Task to carry out → Excerpt from the entries below: please repeat exactly the lines from the one containing "A focused view" through the last one, both ends included, with no pictures.

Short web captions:
..............................
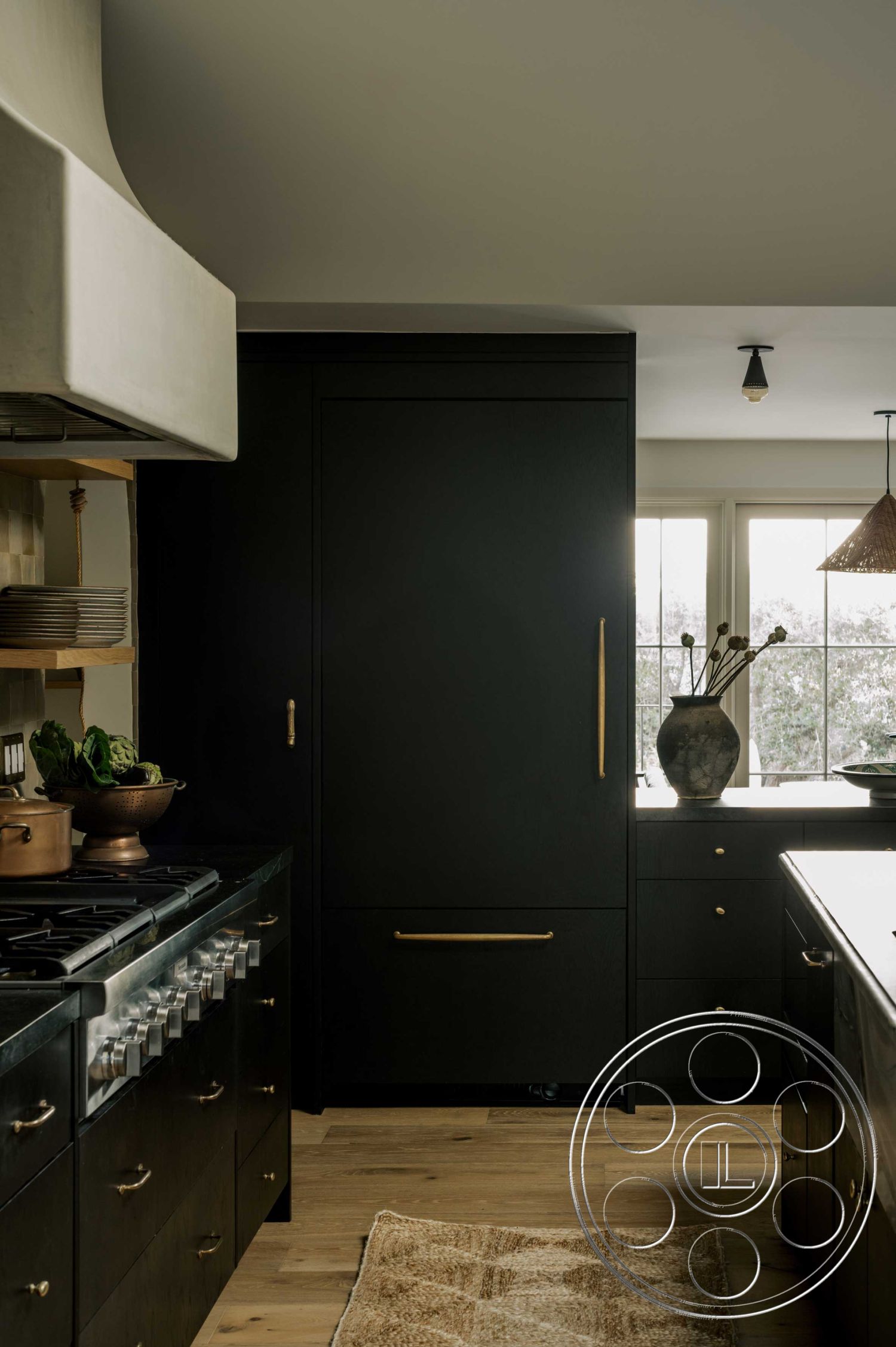 Americana 429 - neutral color palette, textured area rug, stainless steel appliances, window with natural light, modern kitchen island, functional kitchen layout, interior kitchen design, hardwood kitchen floors, gold hardware details, black kitchen cabinetry, concrete range hood, open shelving with ceramic plates, minimalistic decor elements, plant accents in kitchen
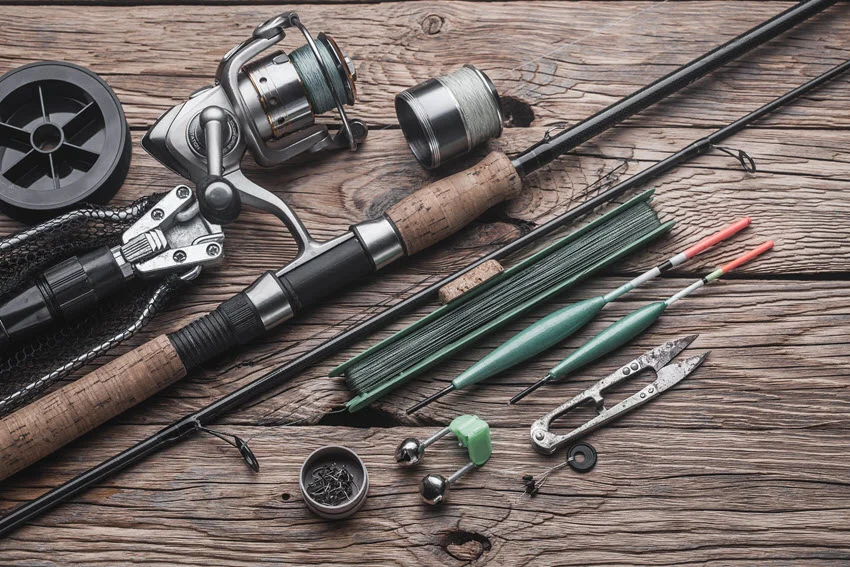 A focused view of fishing tackle arranged for a peaceful fishing trip, including a float, fishing rod, reel, and fishing line on a wooden surface.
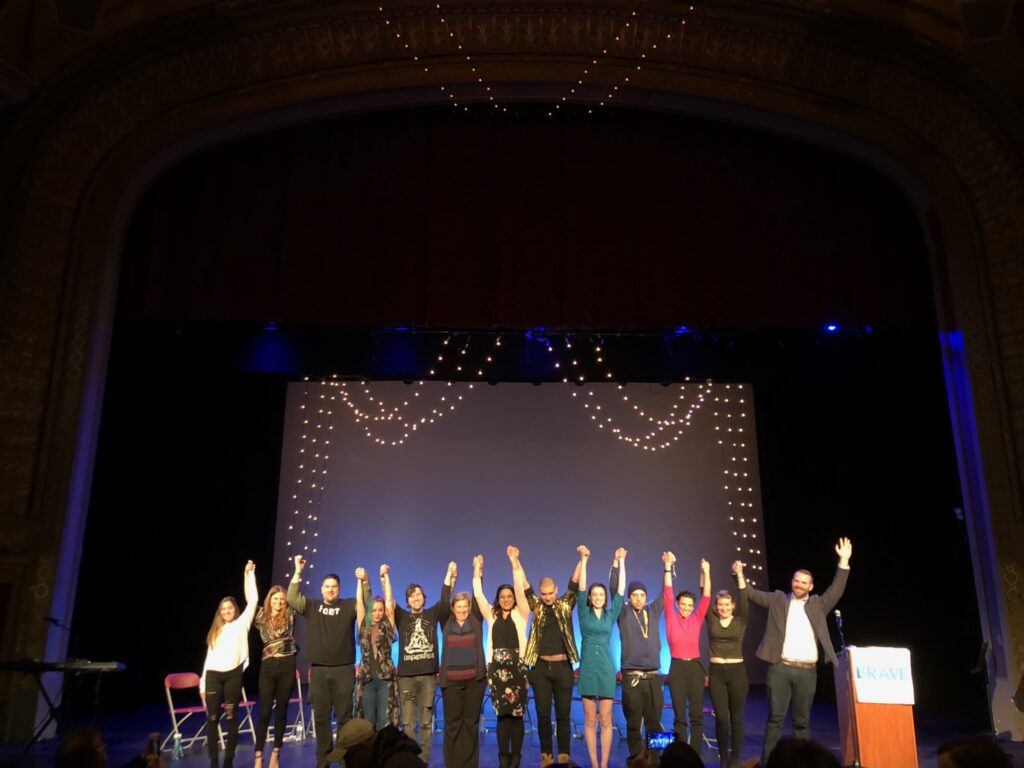 A group of people on stage raising their hands.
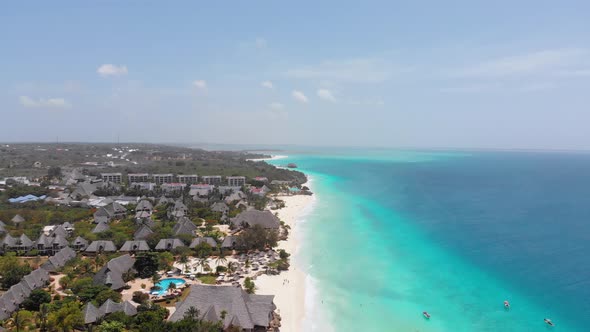 Aerial Paradise Sandy Beach with Turquoise Ocean and Luxury Hotels in Zanzibar alt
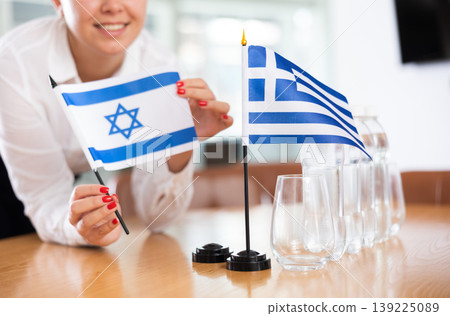 Young woman putting flags of Israel and Greece on table in office 139225089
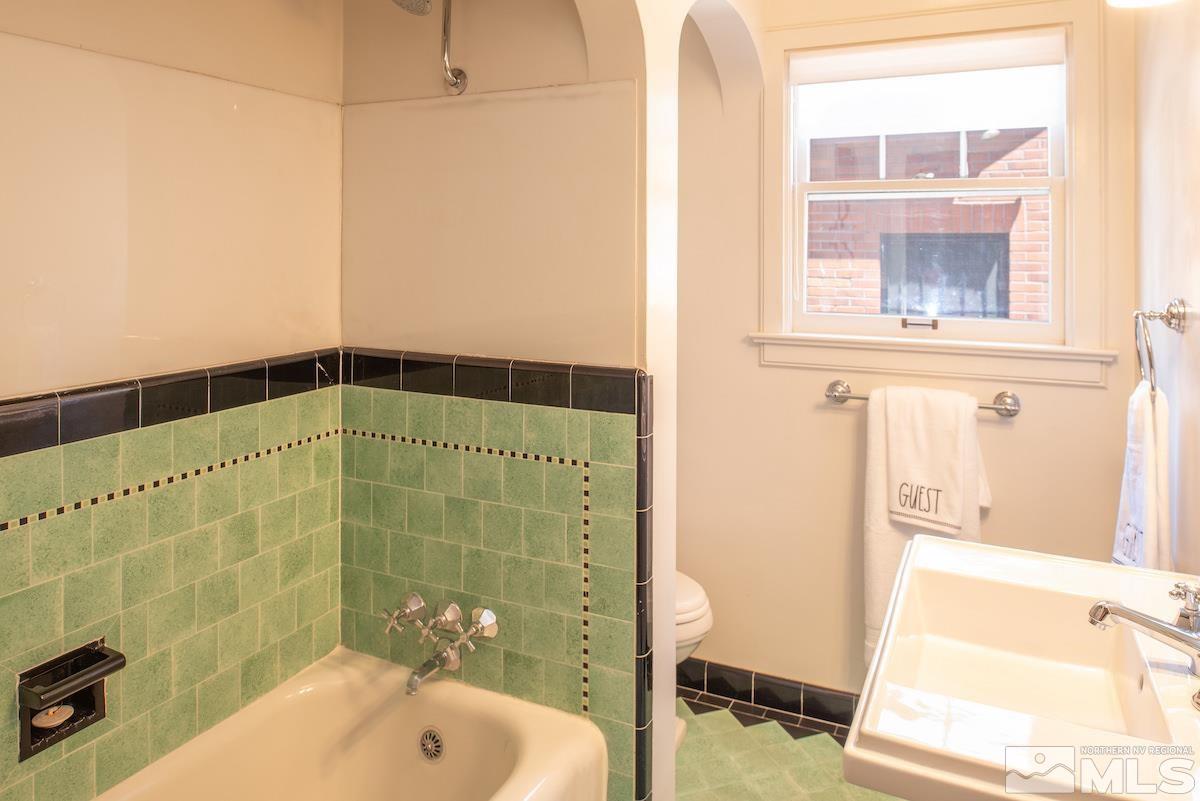 895 Lander Street Reno, NV 89509 - Photo 12 of 38 a bathroom with a shower and a sink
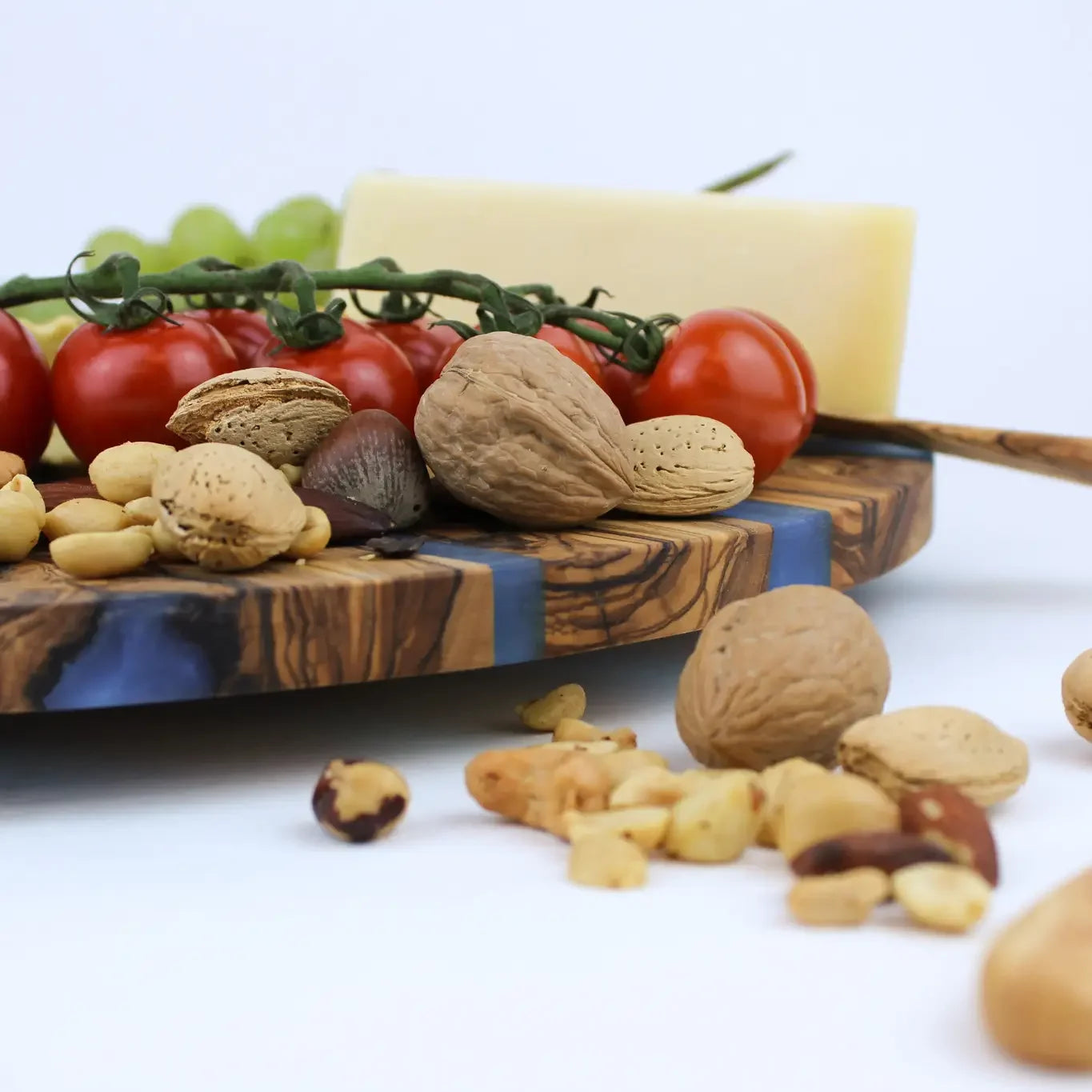 Assorted nuts, tomatoes, and cheese on a wooden lazy susan board with a white background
..............................
Answer for the task →
 A focused view of fishing tackle arranged for a peaceful fishing trip, including a float, fishing rod, reel, and fishing line on a wooden surface.
 A group of people on stage raising their hands.
 Aerial Paradise Sandy Beach with Turquoise Ocean and Luxury Hotels in Zanzibar alt
 Young woman putting flags of Israel and Greece on table in office 139225089
 895 Lander Street Reno, NV 89509 - Photo 12 of 38 a bathroom with a shower and a sink
 Assorted nuts, tomatoes, and cheese on a wooden lazy susan board with a white background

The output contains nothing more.